**Assignment**
From start to finish, set down the entries below exactly, leaving out the pictures.

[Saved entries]

▬▬▬

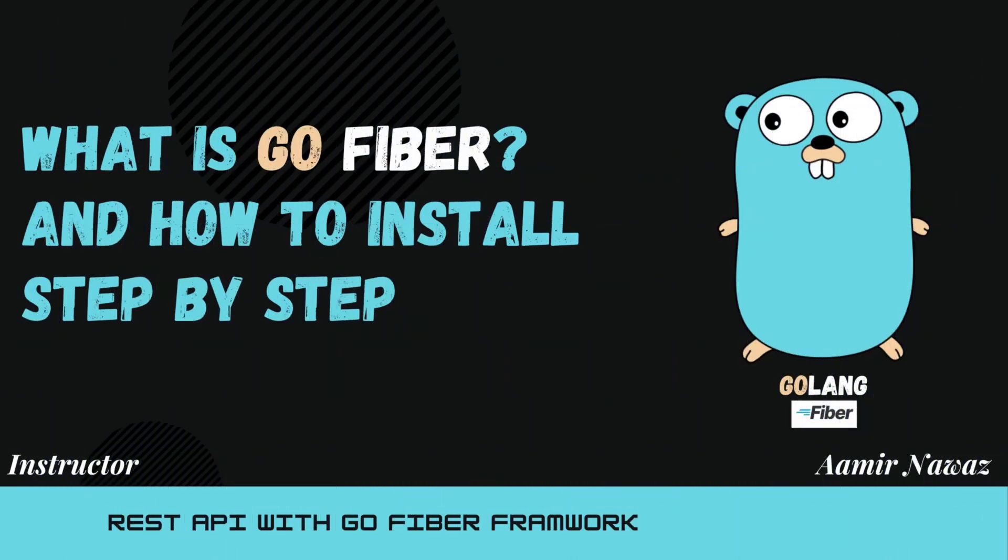What is Fibre? Fibre is a Go framework which gives us the opportunity to write REST APIs.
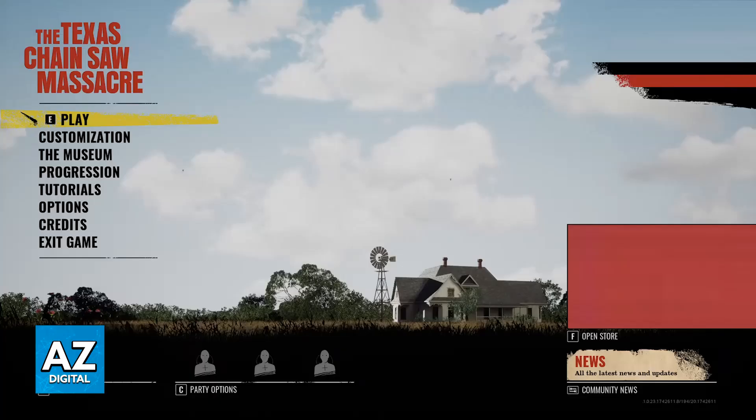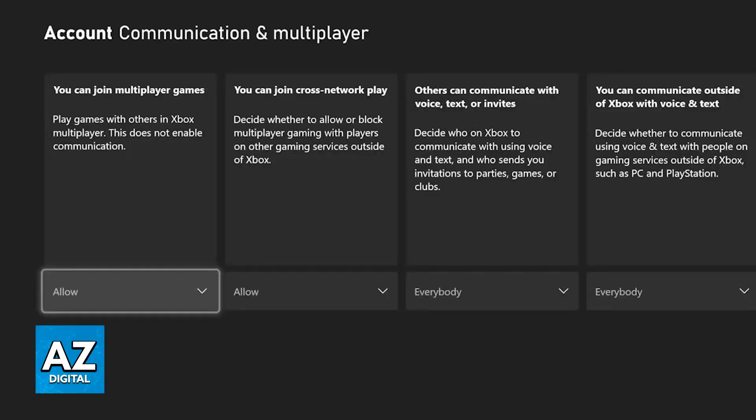So first, if you are on Xbox, I recommend that you go over to the settings of your actual console and you will be able to access the settings for your account. Go to Xbox Privacy after you choose privacy and online safety, view details and customize and then communication and multiplayer. Inside of that window you will be able to enable crossplay and most importantly allow everybody to communicate outside of the Xbox network with voice and text.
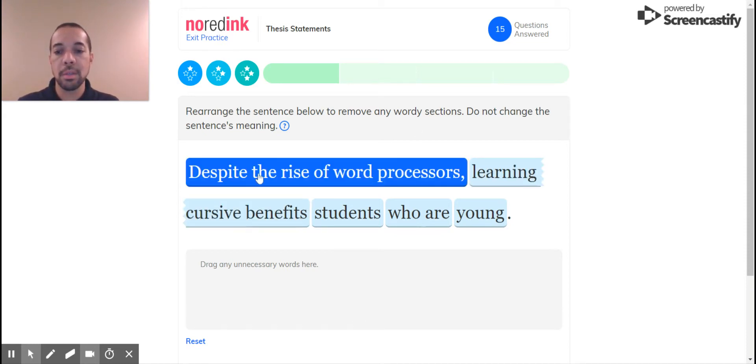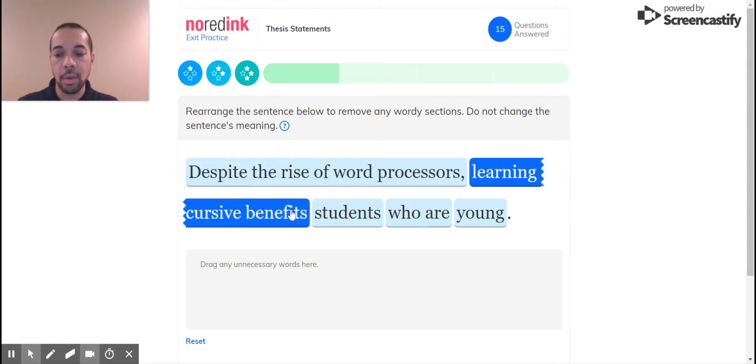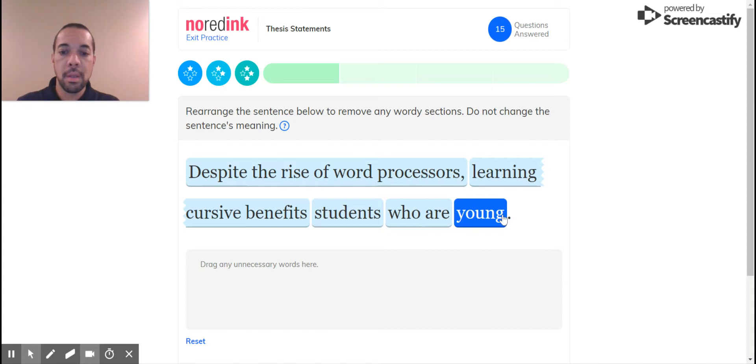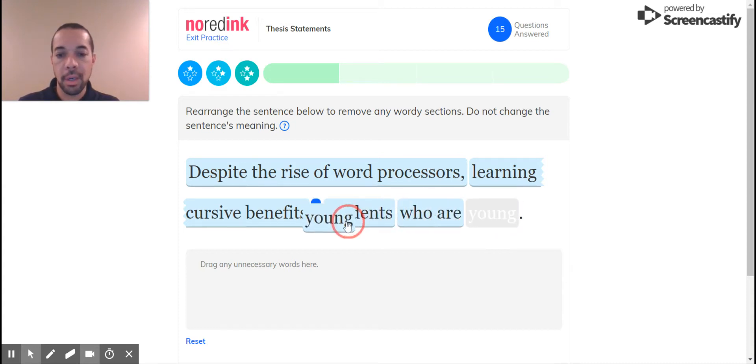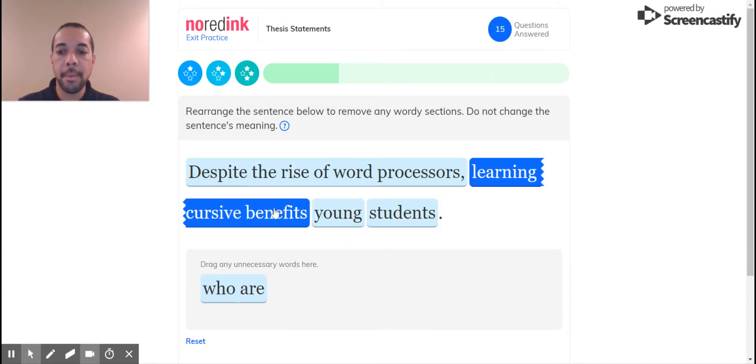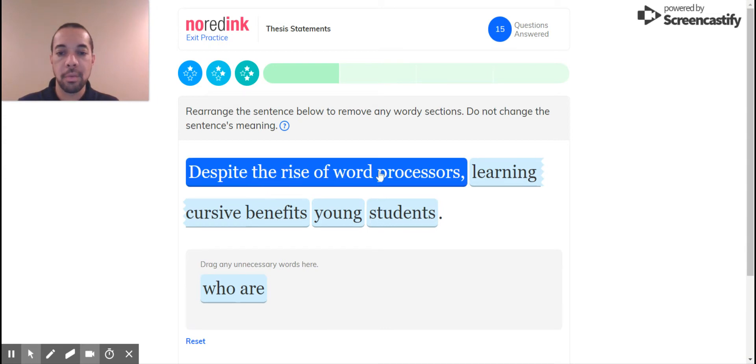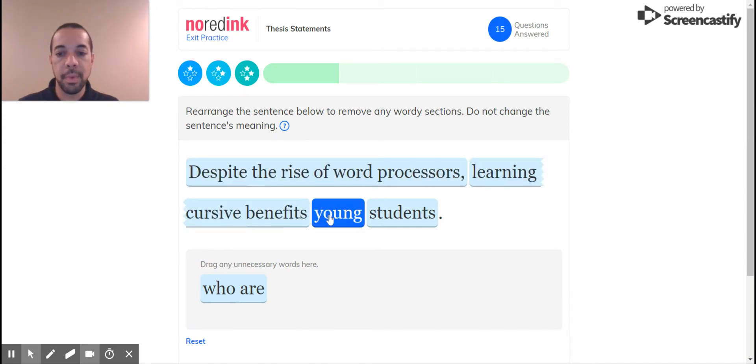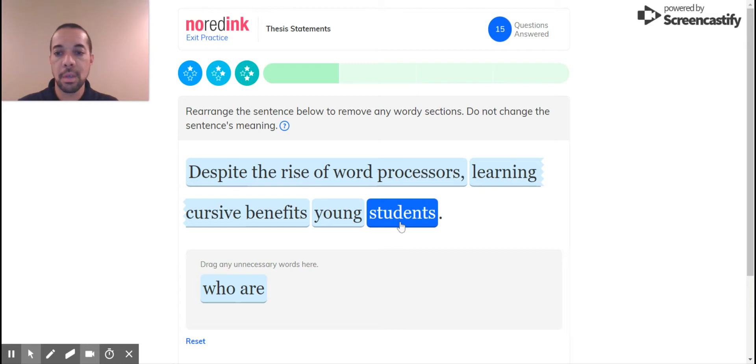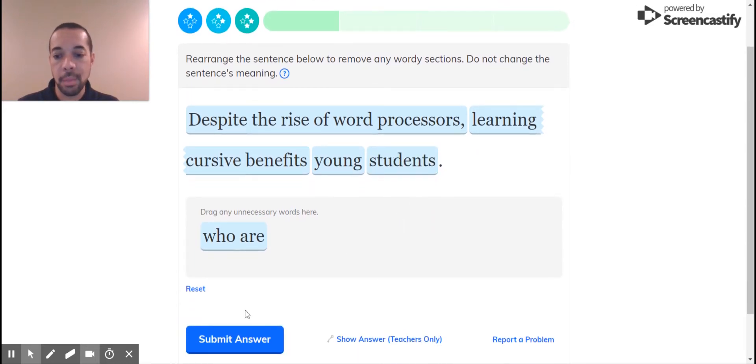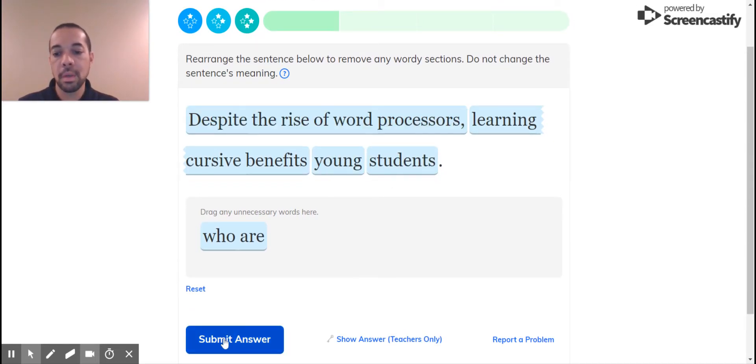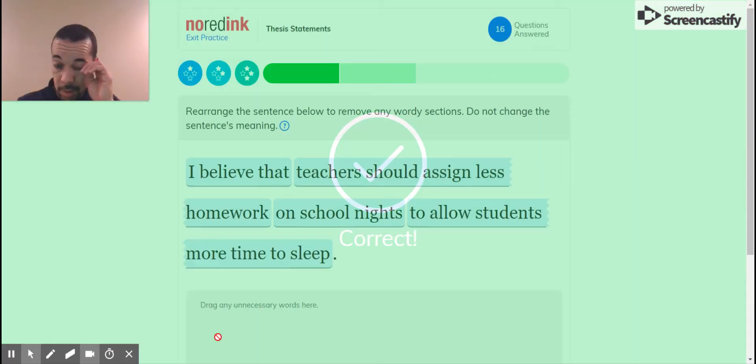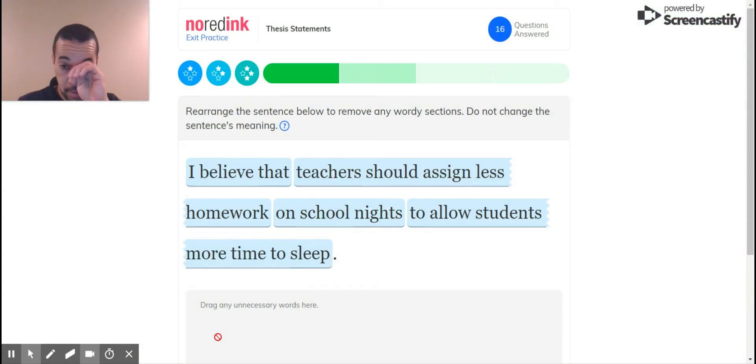Rearrange, do not change. Despite the rise of word processors, learning cursive benefits students who are young. We could do the who are young and just put young students, so we'll get rid of who are. Despite the rise of word processors, learning cursive benefits young students. There's nothing else that can be changed, like no words can be moved around like that. So let's see how that does. Good, got that one right.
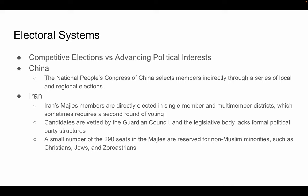Moving on to Iran, Iran's Majlase members are directly elected in single-member and multi-member districts, which sometimes require a second round of voting. Candidates are vetted by the Guardian Council, and the legislative body lacks formal political party structures. A small number of the 290 seats in the Majlase are reserved for non-Muslim minorities, such as Christians, Jews, and Zoroastrians. These reserved seats are viewed as a way to allow some religious diversity, but they really don't have much power — there are so few seats.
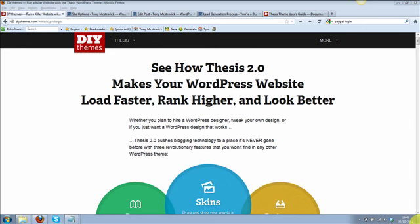What I have been most impressed about with the Thesis theme is the SEO side of things. You don't have to go get plugins or sitemaps or anything like that — this is all built in for you. The theme itself is so customizable; you can do whatever you want with it.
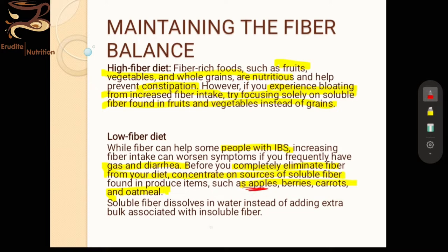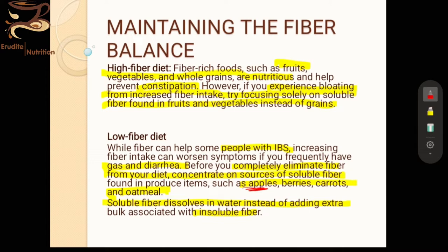Apple is a high-FODMAP food, but it can be considered if taken without the skin and if it is well tolerated and does not cause bloating or worsen symptoms. Soluble fiber dissolves in water and does not add the extra bulk associated with insoluble fiber. Soluble fiber sources like chia seeds and psyllium husk help with both diarrhea and constipation. So we either follow a high fiber diet if it benefits us, or reduce fiber and consume only soluble fiber.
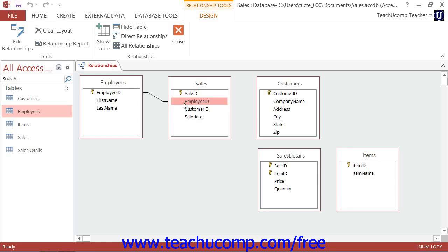In order to set up referential integrity, the relationship that exists between the fields within the joined tables must fall within these three rules. First, the related field in the parent table must be the primary key within that table.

▬▬▬

**Problem solution**
What is Fibre? Fibre is a Go framework which gives us the opportunity to write REST APIs.
So first, if you are on Xbox, I recommend that you go over to the settings of your actual console and you will be able to access the settings for your account. Go to Xbox Privacy after you choose privacy and online safety, view details and customize and then communication and multiplayer. Inside of that window you will be able to enable crossplay and most importantly allow everybody to communicate outside of the Xbox network with voice and text.
Rearrange, do not change. Despite the rise of word processors, learning cursive benefits students who are young. We could do the who are young and just put young students, so we'll get rid of who are. Despite the rise of word processors, learning cursive benefits young students. There's nothing else that can be changed, like no words can be moved around like that. So let's see how that does. Good, got that one right.
Moving on to Iran, Iran's Majlase members are directly elected in single-member and multi-member districts, which sometimes require a second round of voting. Candidates are vetted by the Guardian Council, and the legislative body lacks formal political party structures. A small number of the 290 seats in the Majlase are reserved for non-Muslim minorities, such as Christians, Jews, and Zoroastrians. These reserved seats are viewed as a way to allow some religious diversity, but they really don't have much power — there are so few seats.
What I have been most impressed about with the Thesis theme is the SEO side of things. You don't have to go get plugins or sitemaps or anything like that — this is all built in for you. The theme itself is so customizable; you can do whatever you want with it.
Apple is a high-FODMAP food, but it can be considered if taken without the skin and if it is well tolerated and does not cause bloating or worsen symptoms. Soluble fiber dissolves in water and does not add the extra bulk associated with insoluble fiber. Soluble fiber sources like chia seeds and psyllium husk help with both diarrhea and constipation. So we either follow a high fiber diet if it benefits us, or reduce fiber and consume only soluble fiber.
In order to set up referential integrity, the relationship that exists between the fields within the joined tables must fall within these three rules. First, the related field in the parent table must be the primary key within that table.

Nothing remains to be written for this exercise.